Supplied records section start

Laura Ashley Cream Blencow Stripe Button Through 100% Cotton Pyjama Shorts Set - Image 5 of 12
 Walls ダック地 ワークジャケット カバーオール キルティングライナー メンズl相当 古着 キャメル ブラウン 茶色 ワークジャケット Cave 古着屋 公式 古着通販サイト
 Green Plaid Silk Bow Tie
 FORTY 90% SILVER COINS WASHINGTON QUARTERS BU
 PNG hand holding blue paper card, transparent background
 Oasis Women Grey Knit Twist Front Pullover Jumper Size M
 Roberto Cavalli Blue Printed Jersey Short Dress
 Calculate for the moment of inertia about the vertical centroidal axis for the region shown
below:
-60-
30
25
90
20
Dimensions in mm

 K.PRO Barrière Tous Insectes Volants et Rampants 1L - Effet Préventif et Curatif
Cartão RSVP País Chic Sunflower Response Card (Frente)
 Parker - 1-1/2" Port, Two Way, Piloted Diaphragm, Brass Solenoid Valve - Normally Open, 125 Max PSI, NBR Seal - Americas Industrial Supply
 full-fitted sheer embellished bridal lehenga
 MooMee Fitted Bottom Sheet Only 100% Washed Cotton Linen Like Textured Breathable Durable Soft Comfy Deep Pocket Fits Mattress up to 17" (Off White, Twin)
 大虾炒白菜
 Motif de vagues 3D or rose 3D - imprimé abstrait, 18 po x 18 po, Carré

Supplied records section end

Exercise brief — Copy out all of the records shown above exactly.

Reply —
Laura Ashley Cream Blencow Stripe Button Through 100% Cotton Pyjama Shorts Set - Image 5 of 12
 Walls ダック地 ワークジャケット カバーオール キルティングライナー メンズl相当 古着 キャメル ブラウン 茶色 ワークジャケット Cave 古着屋 公式 古着通販サイト
 Green Plaid Silk Bow Tie
 FORTY 90% SILVER COINS WASHINGTON QUARTERS BU
 PNG hand holding blue paper card, transparent background
 Oasis Women Grey Knit Twist Front Pullover Jumper Size M
 Roberto Cavalli Blue Printed Jersey Short Dress
 Calculate for the moment of inertia about the vertical centroidal axis for the region shown
below:
-60-
30
25
90
20
Dimensions in mm

 K.PRO Barrière Tous Insectes Volants et Rampants 1L - Effet Préventif et Curatif
Cartão RSVP País Chic Sunflower Response Card (Frente)
 Parker - 1-1/2" Port, Two Way, Piloted Diaphragm, Brass Solenoid Valve - Normally Open, 125 Max PSI, NBR Seal - Americas Industrial Supply
 full-fitted sheer embellished bridal lehenga
 MooMee Fitted Bottom Sheet Only 100% Washed Cotton Linen Like Textured Breathable Durable Soft Comfy Deep Pocket Fits Mattress up to 17" (Off White, Twin)
 大虾炒白菜
 Motif de vagues 3D or rose 3D - imprimé abstrait, 18 po x 18 po, Carré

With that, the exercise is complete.